▸ **WHAT IS NEEDED**
Look below for the line that has "359x368 Maple Leaf Free Vector Download". Set down the lines from there through the line that has "Marijuana Bushes, Near", exactly as written.

▸ **THE DATA**

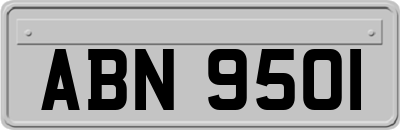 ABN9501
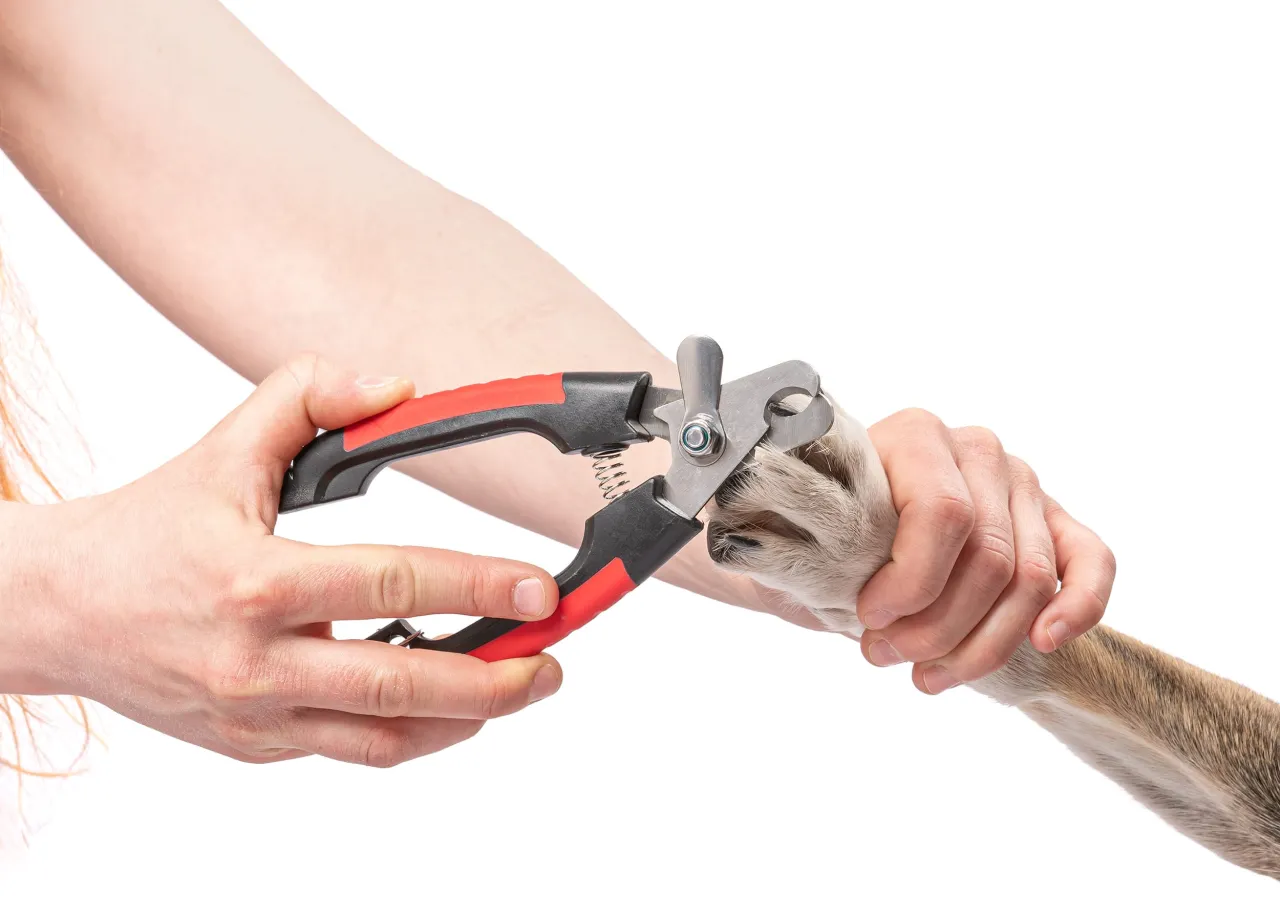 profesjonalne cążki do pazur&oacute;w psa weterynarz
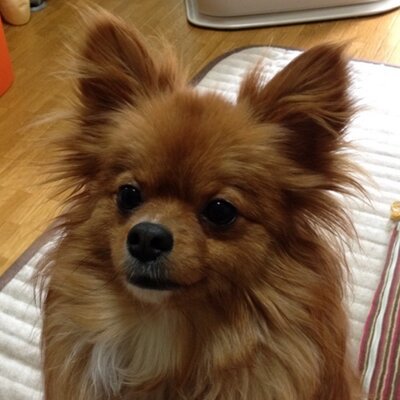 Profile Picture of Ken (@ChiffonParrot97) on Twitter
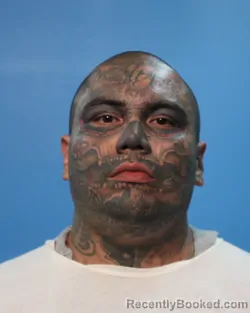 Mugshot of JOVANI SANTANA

---

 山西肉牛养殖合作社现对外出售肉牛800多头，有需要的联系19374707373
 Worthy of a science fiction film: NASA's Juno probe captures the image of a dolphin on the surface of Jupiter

--

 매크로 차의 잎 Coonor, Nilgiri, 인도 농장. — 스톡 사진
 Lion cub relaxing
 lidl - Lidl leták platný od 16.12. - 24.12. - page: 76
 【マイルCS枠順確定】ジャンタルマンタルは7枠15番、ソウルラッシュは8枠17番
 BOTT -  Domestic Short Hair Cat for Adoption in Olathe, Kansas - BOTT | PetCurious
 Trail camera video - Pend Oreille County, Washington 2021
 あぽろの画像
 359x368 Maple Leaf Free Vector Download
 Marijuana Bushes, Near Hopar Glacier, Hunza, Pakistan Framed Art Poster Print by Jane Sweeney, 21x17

▸ **OUTPUT OF THE EXERCISE**
 359x368 Maple Leaf Free Vector Download
 Marijuana Bushes, Near Hopar Glacier, Hunza, Pakistan Framed Art Poster Print by Jane Sweeney, 21x17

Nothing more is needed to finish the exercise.